Clozemaster is perfect for someone like yourself who has a solid foundation in a target language (like Spanish or French). I would start with the 100 most common words and keep going. You already know the most common words, but the key is in the variety of sentences and how they're structured.
I study the sentence along with the individual word if necessary. Clozemaster Common Words uses each word in every possible context, so you'll see a ton of different sentences using the same clozed word.
I usually use listen and text input modes, but vocab is actually harder and multiple choice is good also. I'll switch it up at times. The beauty of Clozemaster is the massive input of sentences. How the 'little words' are used in a sentence structure. The variety of verbs with all their conjugations seen 'in real time'.
It's a sleeper (many aren't aware of it). It WILL help you no matter what level you are at. Best to be at least strong A2 or B1 before getting the real benefits from it. Clozemaster staff recommends absolute beginners use Duolingo or a similar app first prior to using CM.
I found it interesting but find LingQ much better to learn Greek.
I've listened to some of the Spanish lessons and my only concern with them is that if she, the student, makes a mistake with a word or phrase, I don't want that to be the thing that sticks in my head!

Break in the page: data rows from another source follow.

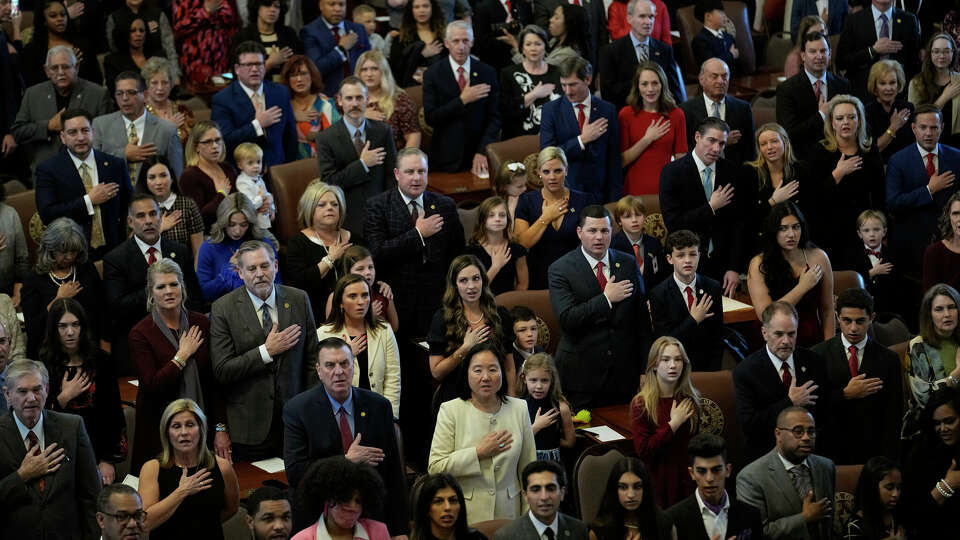 Texas House members with family and guests crowd the House Chamber at the Texas Capitol for the opening of the 88th Texas Legislative Session in Austin, Texas, Tuesday, Jan. 10, 2023. (AP Photo/Eric Gay)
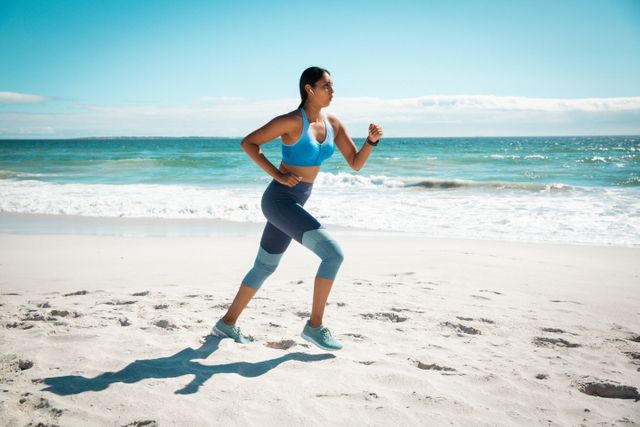 Mixed race woman exercising outdoors wearing wireless earphones running at the beach - Download Free Stock Photos Pikwizard.com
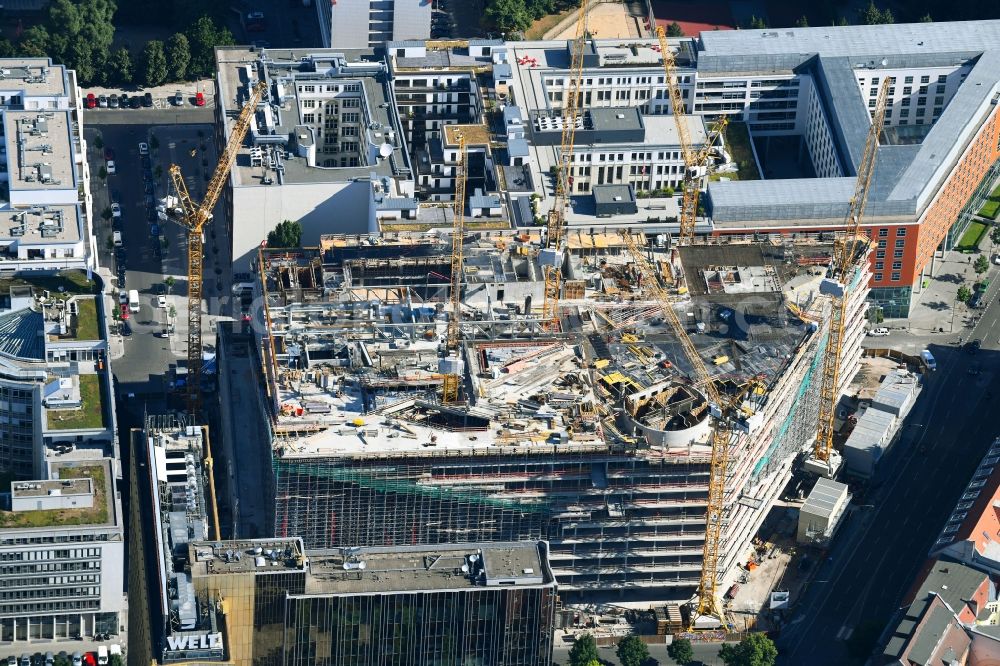 Aerial photograph Berlin - Construction site with pile foundation work for the foundation plate of the new building Axel Springer Campus - OMA to Krausenstrasse - Schuetzenstrasse in Berlin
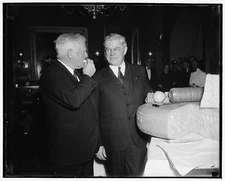 Wisconsin cheese. V.P. Garner & Sen. F. Ryan Duffy of Wisc. tasting cheese,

I don't have any experience with the method, but have listened to a couple tracks. However, I don't think brief exposure of incorrect Spanish from one of the students would be a problem any more than it is a problem in the millions of live classrooms from high schools to colleges. Language learning requires so very many repetitions in varied contexts to stick that brief exposure to a single recorded student is unlikely to make much of an impression. It is also corrected immediately by the instructor on the tape.
I wish they had Norwegian. I'd sign up!
I tried this a little for French but I ended up deleting it, because you just learn so much more with Assimil or with Lingq. With Language Transfer you learn only like 5-6 words a lesson or one or two sentences, and they aren't in any dialogue, so they don't have any built-in context to them. I also found that there was too much English conversation and the learner they had as an had a poor accent as well (no shade to them, I do too, but I don't necessarily need to hear it.) I did about 15-17 lessons so I didn't complete the whole thing. I was enjoying it for a little until I got tired of it though!

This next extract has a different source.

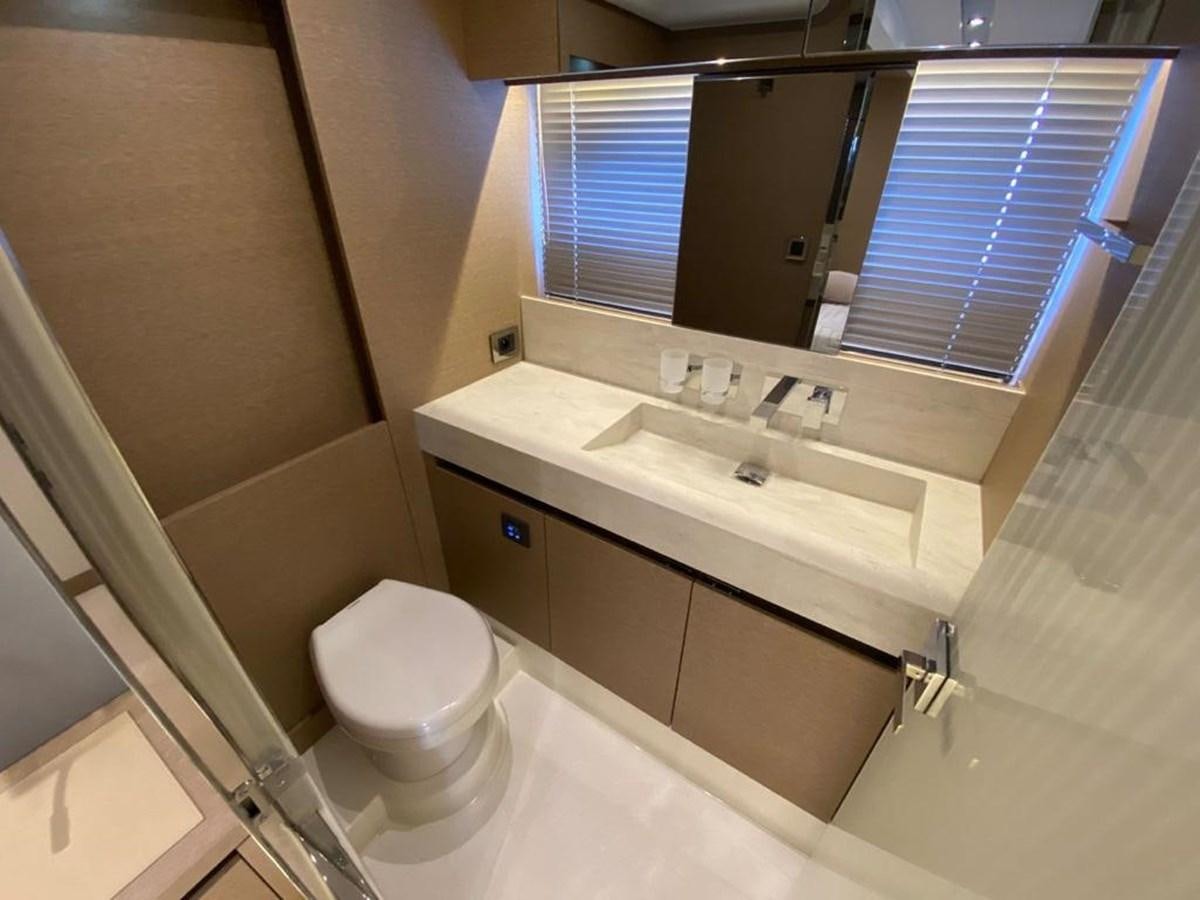 a bathroom with a large mirror aboard MEIGA Yacht for Sale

I also think this method teaches you to think too much... just listening and absorbing and then is better IMO. Not that you don't want to not learn grammar, but in a balance with more input.
Someone posted, either on here or on another language forum, Ilya Frank's program in Russian. I think it's a bit more interesting, and probably more effective! http://english.franklang.ru/index.php?option=com_content&view=article&id=1&Itemid=11#:~:text=Each%20text%20is%20broken%20up,follows%20untranslated%20with%20no%20prompts.

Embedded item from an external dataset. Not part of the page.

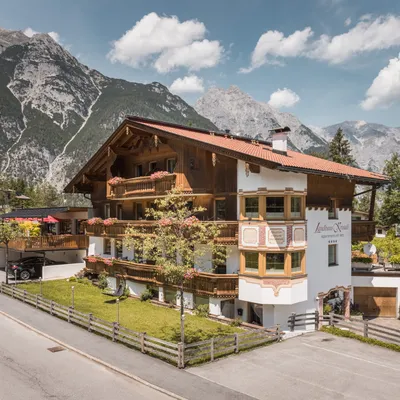 Charming alpine guesthouse with wooden balconies and flower boxes in a scenic mountain village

But actually, i have heard more experienced learners say, you need a lot of material. so any first program is going to be just a first stepping stone. so if you like this program, keep doing it until it's done or until you get tired of it and then find another one. it's good to do if you like it and keeps you interested.
I think that's a very good point. In the beginning, you don't have to tools to do much more than drills and exercises. Reading material in the beginning is necessarily so primitive it is painful for an adult learner to slog through. Children's books bored me when I was a child :)
But at some point, your skills develop to a point where they can and should be put to better use than drills and exercises. Everyone is different, but I think we all know intuitively when that point is reached.
That's exactly what happened to me. I spent 8 months with Duolingo, but eventually it became tedious and dull. I switched to LingQ with nothing but imported newspaper and magazine articles that truly interested me and my reading progress leaped forward. I reached a point where my skills allowed a more unstructured, yet still intensive learning experience.